By Arne Duncan
Friday, February 26, 2010 For too long, bankers have gotten a free ride from the U.S. Department of Education.
Under current law, taxpayers provide as much as $9 billion each year to subsidize guaranteed student loans issued by banks. The banks earn profits on the interest; if students default, taxpayers take the loss, not the banks. In other words, working Americans pay while bankers get rich.
Meanwhile, educators, engineers and computer scientists -- the backbone of the new economy -- face crushing debt from six-figure college tuitions. A study of national postsecondary student aid found that in 2008, two-thirds of college seniors graduated with debt averaging more than $23,000. That number will rise as public and private college tuition costs escalate.
The banks have had plenty of help with government bailouts and other subsidies while working families and students are increasingly squeezed. President Obama wants to eliminate the subsidy for banks and use that money to help poor and middle-class students and adults attend college.
The president also wants to strengthen community colleges, give grants to states that improve college completion rates and boost early-learning programs. He wants to lower maximum monthly payments for student loans from the current 15 percent of income to 10 percent to make college debt more manageable.
Not surprisingly, the banks are working hard to block our common-sense proposal. Sallie Mae, the largest player in the student lending business, has spent millions of dollars to lobby Congress and run ads in several states, claiming that our proposal will cost jobs and inhibit service. These claims must be challenged.

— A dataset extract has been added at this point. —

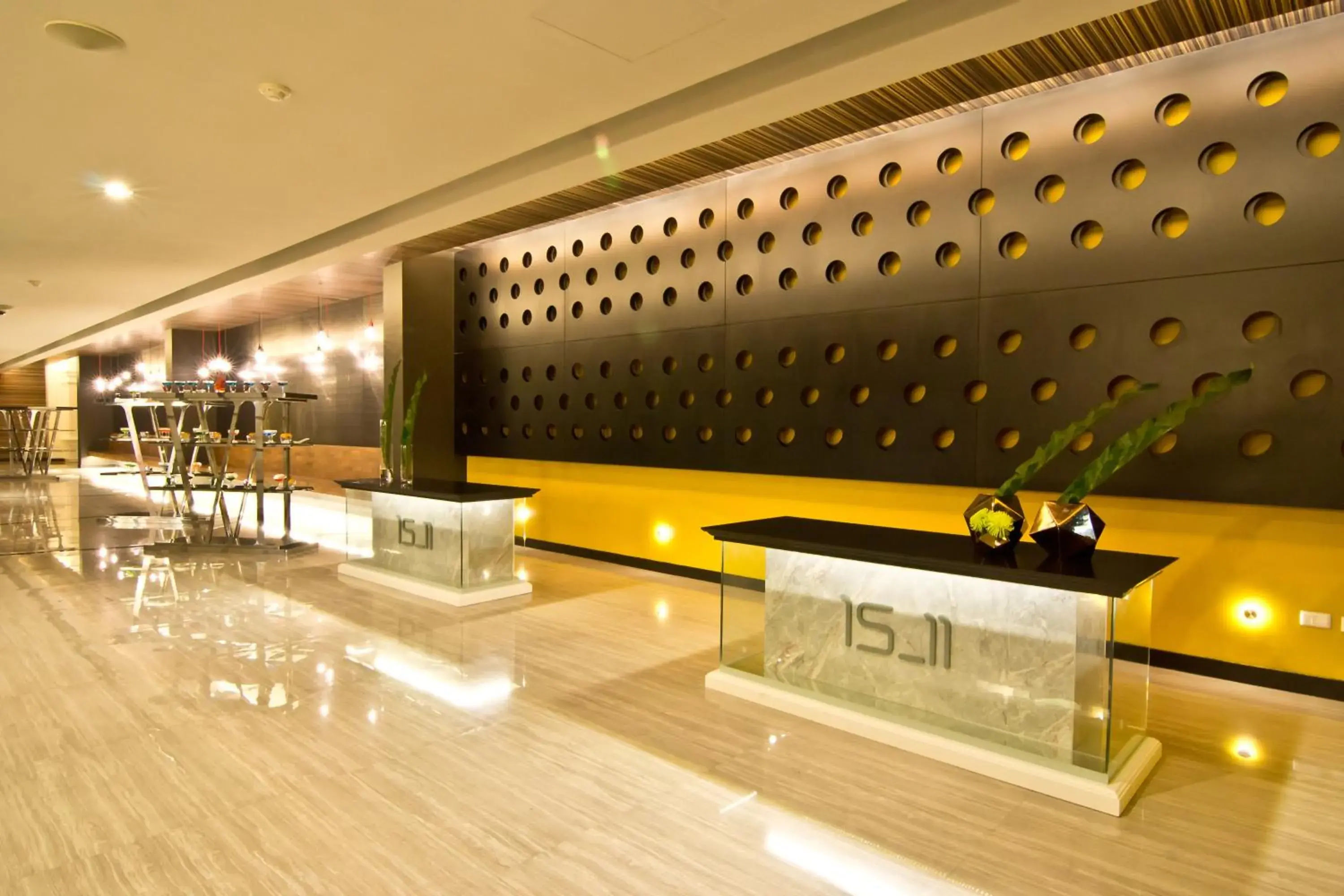 Banquet/Function facilities, Lobby/Reception in Tsix5 Hotel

The president's plan actually creates jobs and draws on free-market principles by selecting private companies through a competitive process to service student loans issued directly by the Education Department. These private companies, including Sallie Mae, compete for our business and are evaluated on the quality of their customer service and their default rates.
Loan servicing is a growing industry as more and more Americans pursue college degrees. Under our contract, the high-performing companies will get more business over time while poor-performing companies will get less. The market will play, and students and taxpayers will win.

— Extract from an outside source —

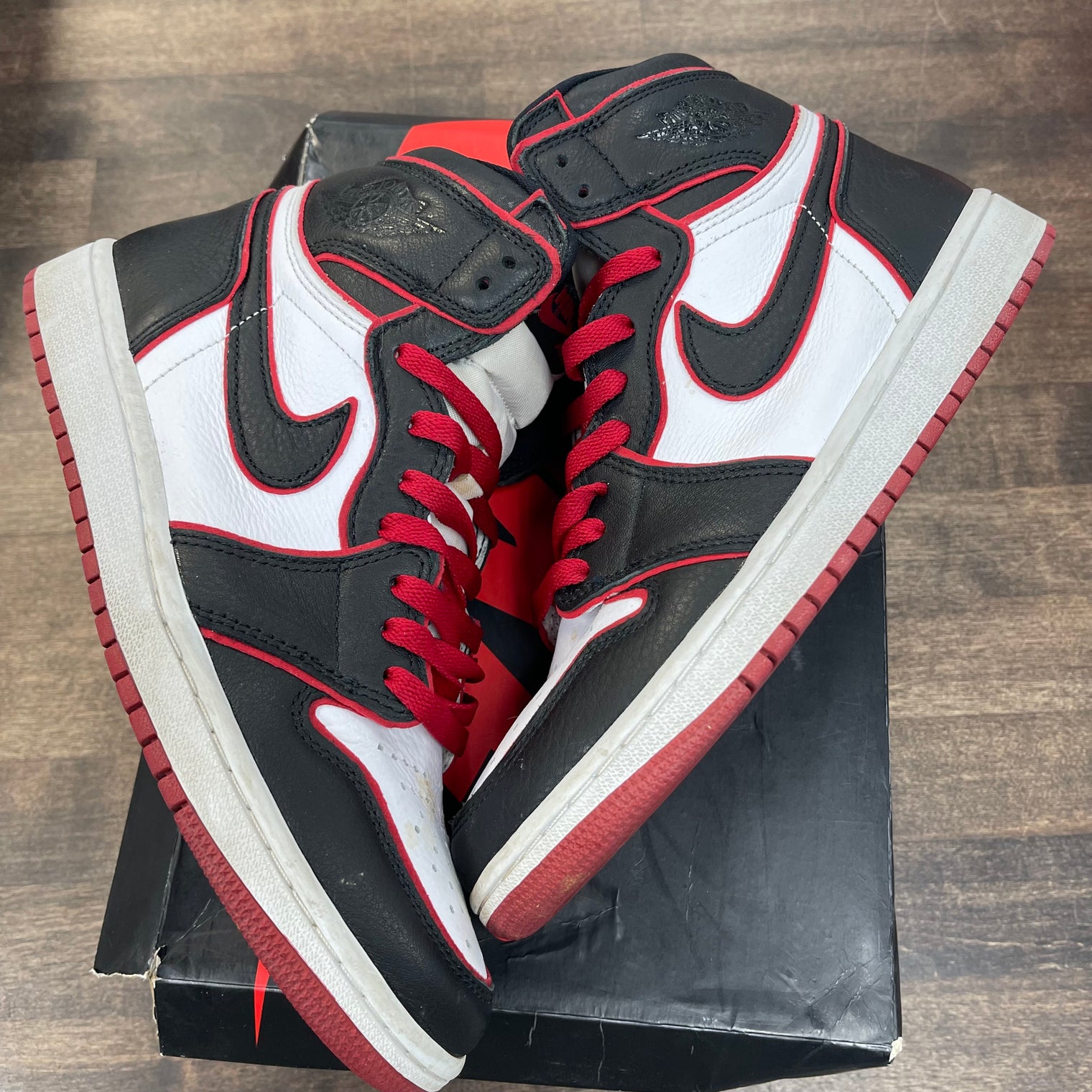Bloodline Jordan 1 High (USED)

It's no wonder that the banking industry is pushing back hard to protect its taxpayer subsidy. Over the years, this giveaway has generated billions in profits for banks and hundreds of millions of dollars in compensation for bank executives.
The banking industry's claims that it wants to protect American jobs are also suspect. The fact is, Sallie Mae sent thousands of American loan servicing jobs overseas in 2007 to further increase profits, and it agreed to bring them back last year only to compete for our loan-servicing business.
The Education Department has issued more than $187 billion in student loans since the Direct Loan Program was created in 1993. The number of universities participating in the program has more than doubled, to 2,300, in just the past three years. There is no justification to continue wasteful subsidies to banks. It is time to complete the shift to direct lending.
The president's proposal, which has passed the House and awaits Senate consideration, represents the ideal hybrid of public investment and market-based management. Through direct lending, we get a bigger bang for taxpayer bucks while using competition and private-sector expertise to improve customer service.
The writer is the U.S. secretary of education.